La Fop défend le biocarburant issu de colza (14/10/2025)
Des progrès
Entre 2010 et 2020, la France a réduit de 4,6 % les émissions de gaz à effet de serre liées aux carburants routiers, mais ces gains tombent à 1,6 % en tenant compte des changements indirects d’affectation des sols, selon l’Agence européenne de l’environnement.

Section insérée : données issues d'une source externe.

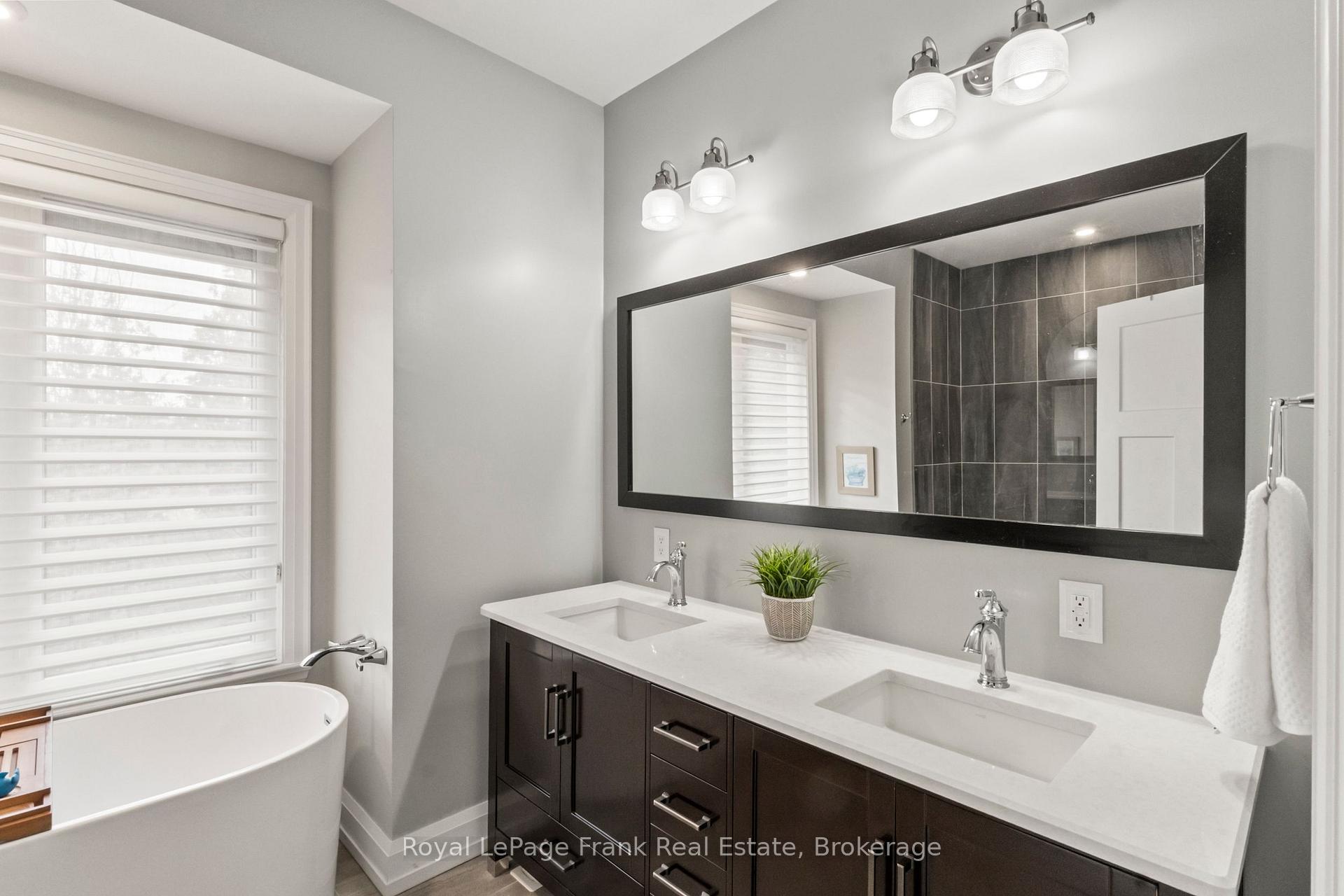 Photo 18 of 864 Burnham Street, Cobourg — HOMEH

L’Union européenne promeut désormais les biocarburants de « deuxième génération », issus de résidus agricoles ou de déchets alimentaires et forestiers, capable de réduire de 80 à 90 % les émissions selon l’institut de recherche Ifpen. En France, ils représentent déjà 22 % des biodiesels et 31 % des bioéthanols consommés en 2024, mais leur production reste encore trop limitée pour remplacer les filières conventionnelles. Une « troisième génération », produite à partir de micro-organismes est également en phase de développement.